Seventy years ago this month, the Allied forces defeated the Nazis. How have things changed since then?

Parisian-based artist Julien Knez spent two months trying to answer that question. After assembling a number of historic images of the liberation of the French capital, he tried to find the places and angles from where the photos were taken.

"It was very intense to imagine the fights in the streets I know as a Parisian," Knez wrote in an e-mail. He allowed WorldViews to republish some of his collages. You can go to his blog Golem13 to view more photos.

The battle for Paris

One historic photo shows Parisian police officers preparing for a fight with German soldiers, close to the Notre Dame cathedral in 1944.

Barricades, like this one on Rue de la Huchette, were erected all over the French capital. Since then, the building visible on the photo has been turned into a book store.

The battle between the Allied forces and the Germans was still raging in August 1944 on place Saint-Michel in Paris.

In front of today's Orsay museum, resistance fighters were searching rooftops for German snipers.

A liberated Paris

On Aug. 25, German General Dietrich von Choltitz surrendered.

Parisians celebrated and civilians climbed tanks. This photo shows a boy sitting on an armored vehicle on Rue du Montthabor.

The same day, the senate was taken over by French resistance fighters and the Allied forces.

The liberating troops paraded the streets of Paris which attract millions of tourists each year today.

On Aug. 26, a victory celebration was held on Place de la Concorde.

The celebration was briefly interrupted by sniper shots, coming from rooftops.
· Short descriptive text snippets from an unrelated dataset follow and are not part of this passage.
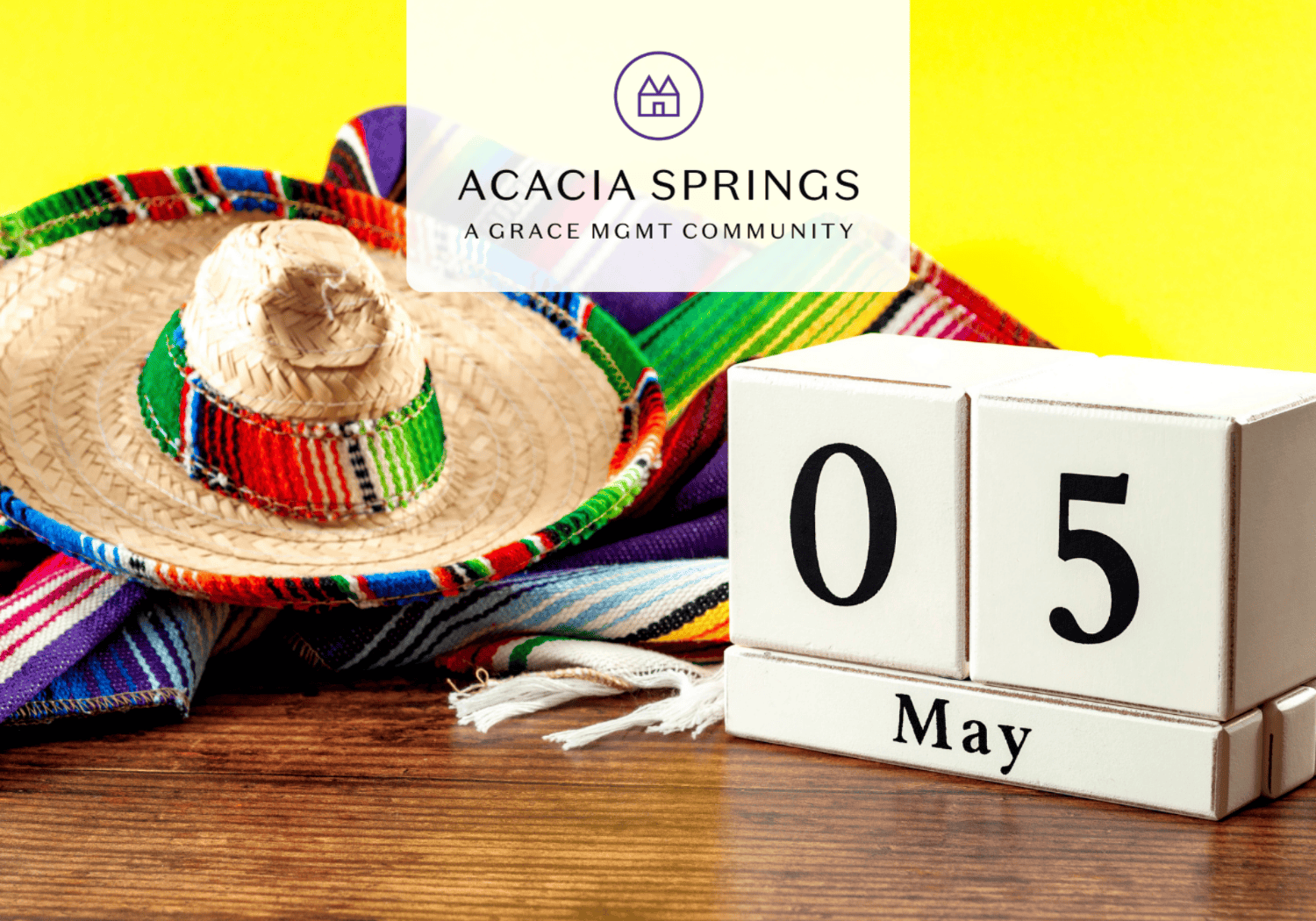 Bright yellow backdrop with a woven sombrero and colorful textiles beside white calendar blocks reading '05 May', logo overlay for Acacia Springs community.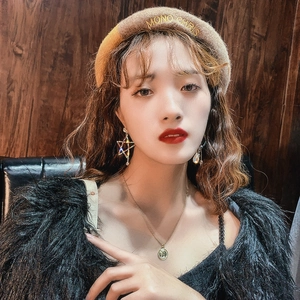 Close-up of a model wearing colorful star-shaped earrings and a gold pendant necklace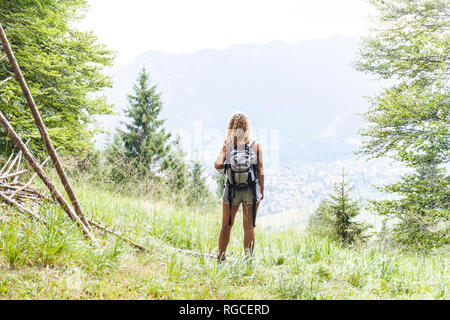 In Germania, in Baviera, Oberammergau, giovane donna escursionismo in piedi sul prato di montagna Foto Stock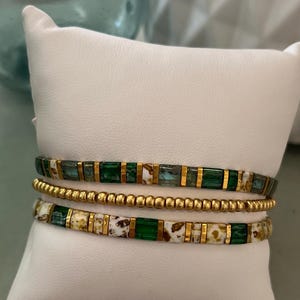 Op de afbeelding: Drie gestapelde armbanden met groene, gouden en witte kralen. De armbanden worden getoond op een wit kussen.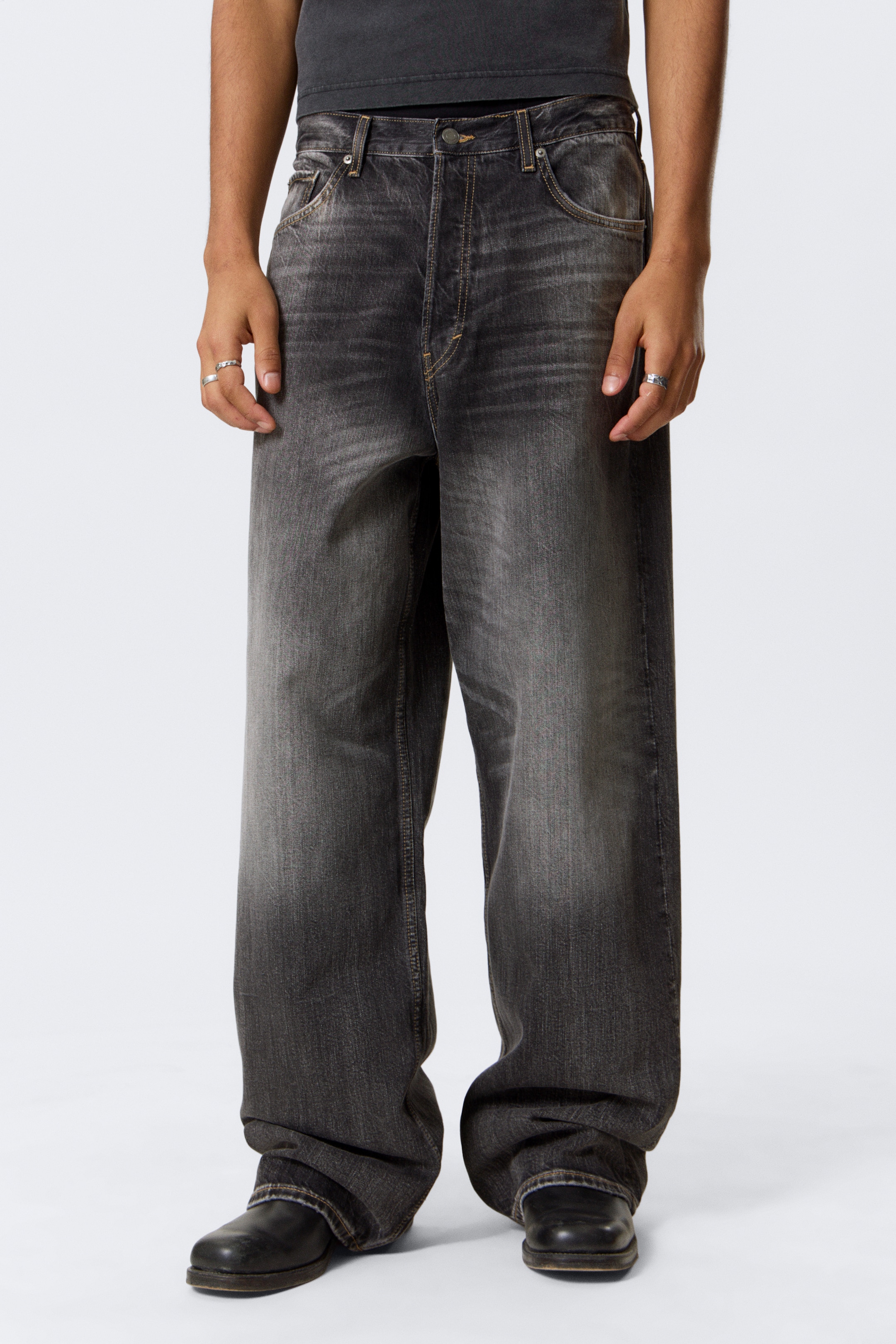 Ingrandisci l'immagine: Jeans grigio scuro a vestibilità ampia sono mostrati dal davanti, caratterizzati da un lavaggio usurato con sbiaditure più chiare sulle cosce e un taglio a gamba larga che si accumula alle caviglie. Sono progettati con uno stile a cinque tasche, una patta con bottoni visibili e cuciture a contrasto.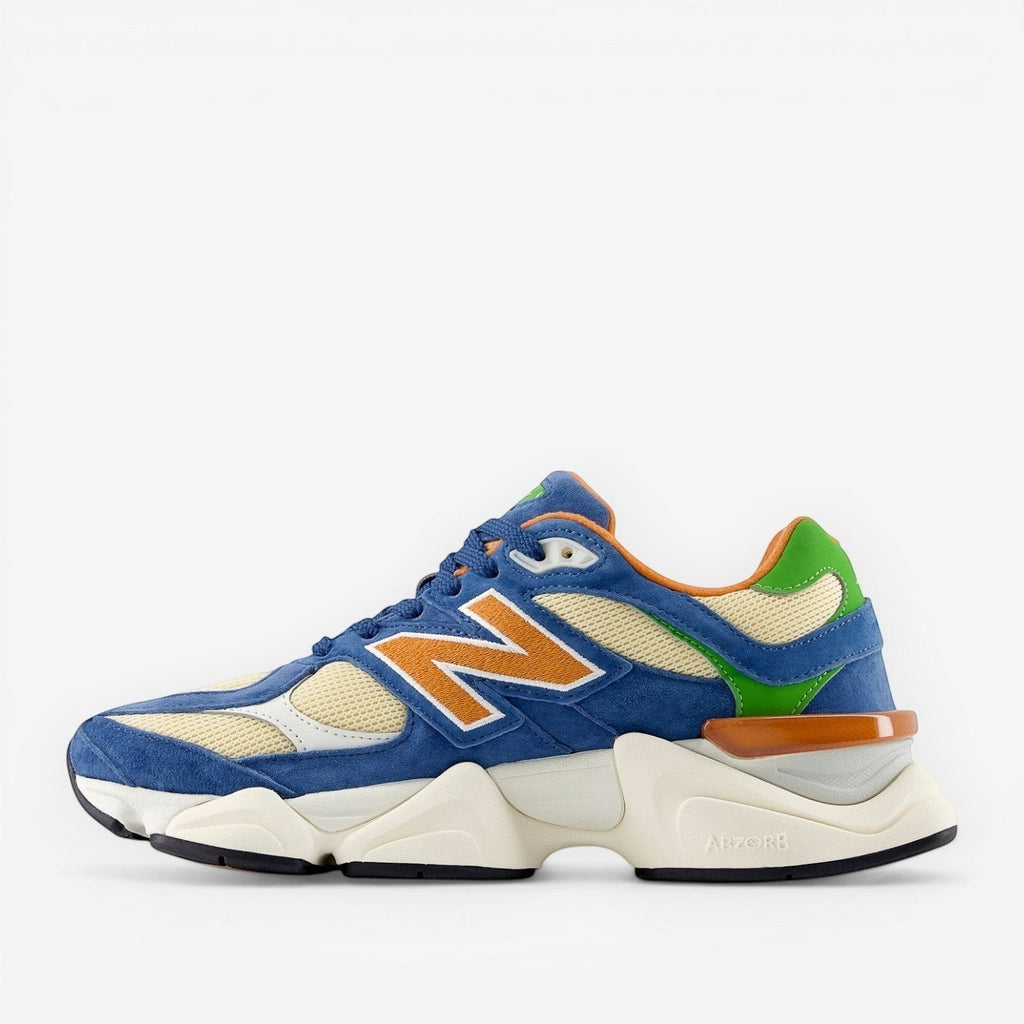 New Balance sneaker with blue suede, cream mesh, orange and green accents, stylish footwear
Street celebrations resumed shortly afterward. This photo shows the Champs Elysees.

General Charles de Gaulle, accompanied by officers and troops, marches down the famous road.

Sitting behind barbed wire, a couple enjoyed newly won freedom in the Tuileries park.

Celebrations continued until September -- for instance, in front of the Notre Dame cathedral in the city center.

U.S. soldiers set up roadblocks to prepare for renewed attacks by the Nazis. The war officially ended months later.